While the Council appears amenable to the increased BWL payment, that still leaves about $800,000 that needs to be raised or cut to eliminate the deficit. This is where there will likely be sticking points among Council members.
As drafted, the Council’s deficit elimination plan would create a $1.2 million surplus that would be placed in an account controlled by the Council. Here’s how:
- Eliminate Bernero’s proposed cold case detective ($100,000);
- Eliminate a proposed cabinet-level IT employee and setting aside money in a control account to share the position with the school district ($150,000);
- Eliminate a form-based code project ($70,000);
- Eliminate the Sister Cities program from “city supported services” ($20,000);
- Eliminate part-time positions for Sister Cities and the Office of Faith-Based Initiatives ($43,000);
- Reduce the appropriation for the city’s TIFA fund from $1.4 million to $1 million and having the city’s Economic Development Corp. use its revolving loan fund to make that up ($400,000). The proposal also calls for the EDC and the Tax Increment Finance Authority to repay the city $1 million for a loan similar to the brownfield repayment loan at the Boys Training School;
- Eliminate General Fund dollars for vehicles and equipment and pay for that with the Fleet Fund’s reserves ($250,000); and
- Bond for local street repairs rather than paying for that out of the General Fund ($1,300,000).
Reached by phone Tuesday, Bernero declined to comment much on the Council’s proposal until after details are finalized at Monday’s meeting. But he’s skeptical: “We’re gonna have to wait and see and hope it gets better.”
Those combined savings and the revenue from a 1.2 percent return on equity payment total $6,413,000. After reinstating costs for streetlights and fire hydrants to the General Fund ($5,200,000) the Council’s amendment leaves a balance of $1,213,000.
A surplus, you say? Well, not exactly. The Council’s amendment sets aside $400,000 for technology debt service to be placed in a “control account,” Council President Carol Wood said, “Until an adequate (technology) plan is brought to Council.”
The remaining $800,000 would also be put in a control account. Wood said money in a control account can only be appropriated by a majority vote of the Council. It’s possible there may be a motion at Monday’s meeting to devote that to the city’s retiree health care fund, she said.
While Dunbar supports the higher BWL payment, she’s against eliminating the proposal for a cold-case detective and the EDC’s $1 million repayment back to the city as a loan.
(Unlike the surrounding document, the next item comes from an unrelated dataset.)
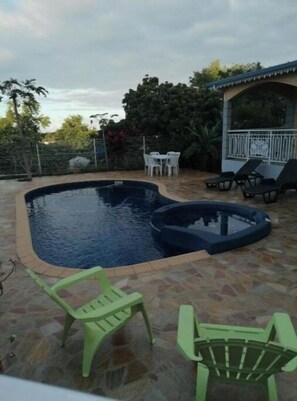Une piscine avec une terrasse carrelée, entourée d’une clôture et d’arbres. On y trouve des chaises longues et une petite table avec des chaises à proximité.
Jeffries defended the loan and decreased General Fund payment into the TIFA because “this is the first time we’re going to have public tax dollars go to pay for economic development. This is a big check we’re handing out.” Basically, the Council is asking the EDC to pay $400,000 out of its revolving loan fund and creating a loan package that reimburses the city $1 million over time.
He also defended eliminating the city’s full funding of a cabinet-level IT director so that it could share costs with the Lansing School District — a move he said was prompted by the Financial Health Team earlier this year.
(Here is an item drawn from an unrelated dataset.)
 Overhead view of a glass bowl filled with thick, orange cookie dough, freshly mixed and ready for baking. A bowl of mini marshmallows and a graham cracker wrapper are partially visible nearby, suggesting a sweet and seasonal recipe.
Meanwhile, 4th Ward Councilwoman Jessica Yorko caught flak from colleague Jody Washington when she asked if the committee vote could be held on Monday so she could take this information back to constituents.
“Procedurally, the fact that we have taken such great care in our process since April to confer on the budget with the public and discuss all the large points and fine points, this is the first time I’m seeing and hearing this information,” she said.
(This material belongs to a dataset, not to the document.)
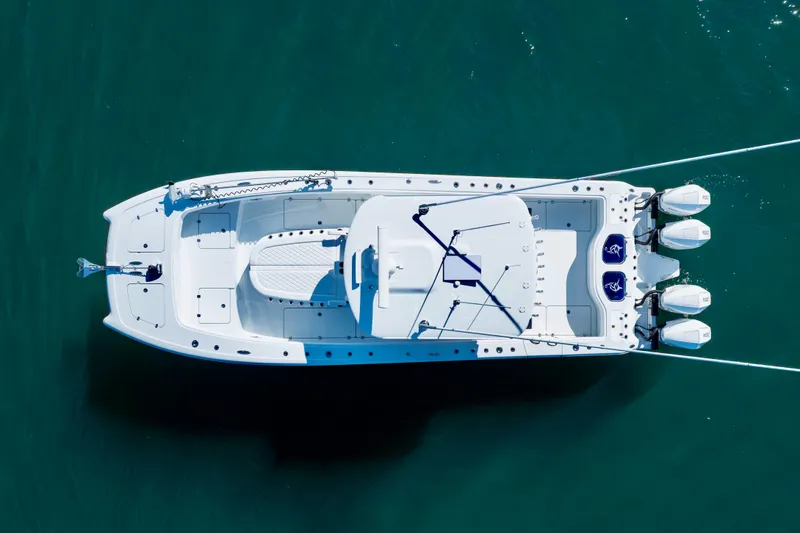 Slide: The Image of Aerial view of 2026 Freeman 35 boat with triple engines on clear water. - 7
“I can’t tell you how much this enrages me,” Washington shot back. “If you think for one minute that my suggestions came last night when we got an email, well guess what? Ya shoulda been doing this for weeks getting your suggestions in. To say this is a surprise, engage in the process truly rather than just take up time on TV.”
“I appreciate all of your engagement in the process,” Yorko responded. “I would like to take this information to my constituents. I don’t think it’s unreasonable to make that request.”